By "system" I do not refer only to IT Systems, so powerful but also so "delicate", so "fragile".
There are other "systems" that have nothing to do with technology: Organisational Systems.
Every business, every organisation - private or public - works with a "system": made up of policies, rules, procedures, job descriptions, and the like - and also bureaucracy.
People (personnel) operate according to what the "system" demands and expects from them.
For instance, if a frontline employee receives a customer's complaint he/she cannot deal with, the complaint is "escalated" to upper levels, because that's what the "system" caters for.
So, do we perhaps have two "systems", one purely "technological" (IT) and the other "organisational"?
No. There is only one: the former is produced by the latter. The "system" governs everything.
Why do we need a "system"? Simply because we don't have sufficient confidence in people, employees. If there is a system in place, with its rules and procedures, everyone in an organisation will (or should) know what to do, under any circumstance. Behaviours are predefined - responses and reactions are pre-baked - to the extent that in very formal and rigid "traditional systems", personnel are not even expected to take initiatives of any sort ("the system is slow/down....").
A "system" requires people with a certain specialisation and ample skills within that area of specialisation. Just have a look at personnel recruitment adverts: that's what the "system" wants.
Just look at what happens in South Africa nowadays: the focus is on single-skill, single-specialisation. Why? Because that is easily produced and then easily managed.

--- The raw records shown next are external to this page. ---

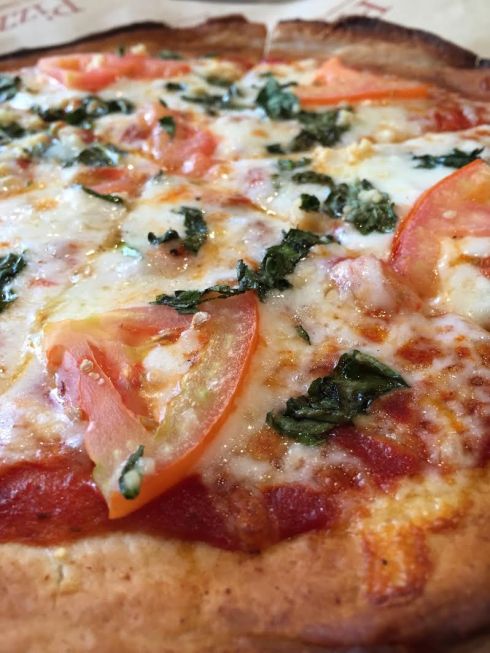 Margherita Pizza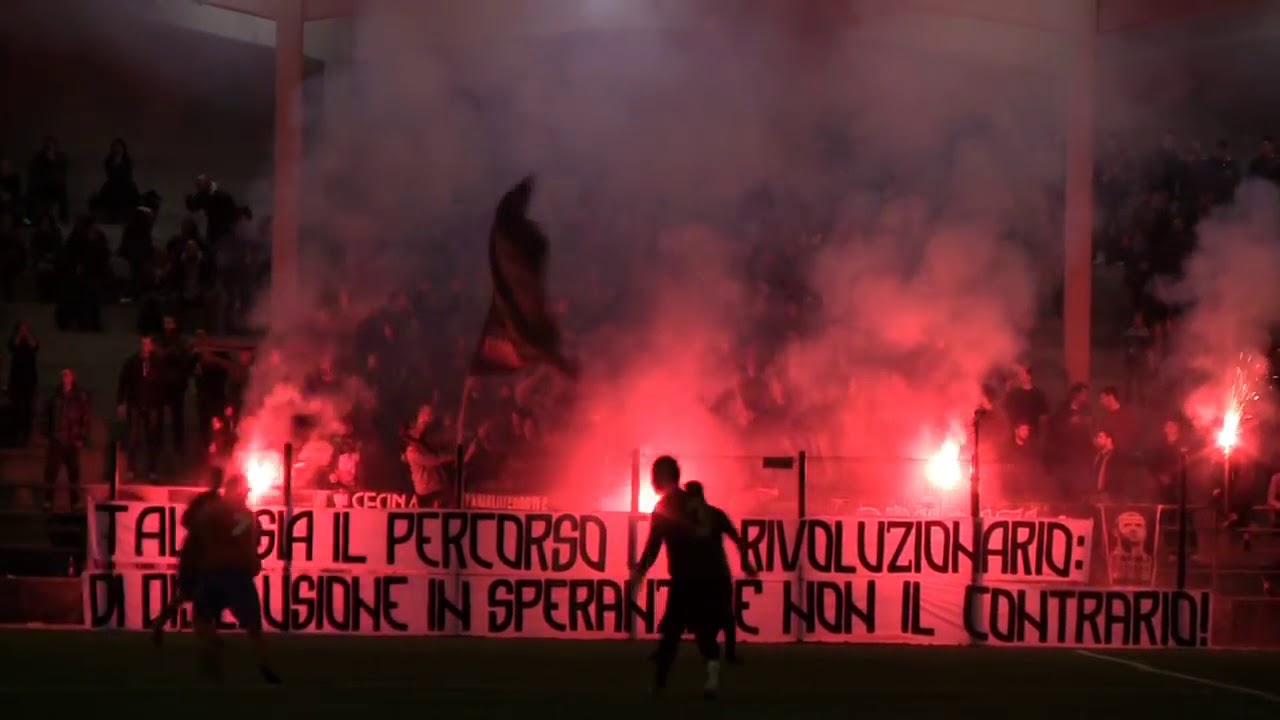 ULTRAS LEBOWSKI, LA NOTTE DEI 10 ANNI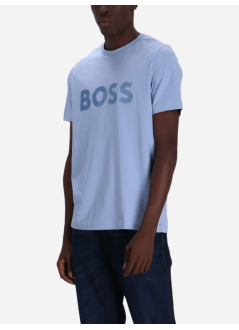 boss camiseta hombre tee tape logo - 50530990 498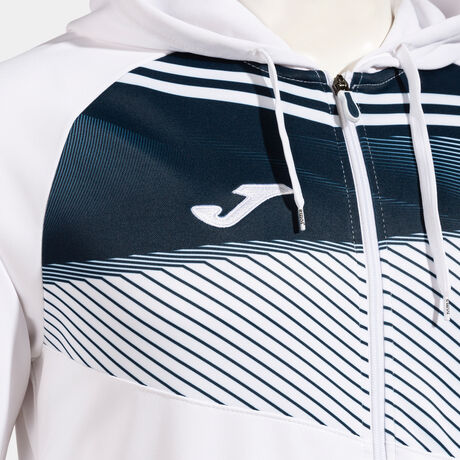 CHAQUETA CON CAPUCHA SUPERNOVA II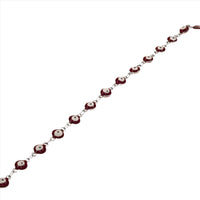 EYE GOLD ANKLET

The priciple is exasperated to extreme levels: newcomers to the work market are strongly invited to get a "single-skill" specialisation, as door-opener to finding a job. So today people can (and should) get a "certificate" of qualification in bricklaying, plastering, tiling, painting (yes, painting!), and so on....
This is what the "system" wants and caters for: personnel with a single-skill ability. The principle behind this scheme is "job creation" - which is positive. Unfortunately there is an enormous difference between "job creation" and "wealth creation". The latter may produce the former, but not vice-versa!
Decades ago we were trying hard to produce "artisans", capable of carrying out in a satisfactory manner different tasks in multi-skill mode - today we try to produce painters.....
The net conclusion is that people perform just as the system expects them to perform. Employees' level of performance can never (with just few exceptions) exceed the "ceiling" set by the "system". This is a theorem.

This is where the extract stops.